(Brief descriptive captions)
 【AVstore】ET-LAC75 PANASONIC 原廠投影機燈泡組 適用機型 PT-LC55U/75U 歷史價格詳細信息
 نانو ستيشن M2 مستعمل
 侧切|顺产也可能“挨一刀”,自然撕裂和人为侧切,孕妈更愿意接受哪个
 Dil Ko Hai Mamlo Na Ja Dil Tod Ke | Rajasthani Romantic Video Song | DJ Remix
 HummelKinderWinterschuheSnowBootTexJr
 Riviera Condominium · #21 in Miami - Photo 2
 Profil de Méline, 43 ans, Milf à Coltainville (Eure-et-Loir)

**GOAL OF THE EXERCISE:**
Copy every line above without altering a word.

**RESPONSE TO THIS EXERCISE:**
 【AVstore】ET-LAC75 PANASONIC 原廠投影機燈泡組 適用機型 PT-LC55U/75U 歷史價格詳細信息
 نانو ستيشن M2 مستعمل
 侧切|顺产也可能“挨一刀”,自然撕裂和人为侧切,孕妈更愿意接受哪个
 Dil Ko Hai Mamlo Na Ja Dil Tod Ke | Rajasthani Romantic Video Song | DJ Remix
 HummelKinderWinterschuheSnowBootTexJr
 Riviera Condominium · #21 in Miami - Photo 2
 Profil de Méline, 43 ans, Milf à Coltainville (Eure-et-Loir)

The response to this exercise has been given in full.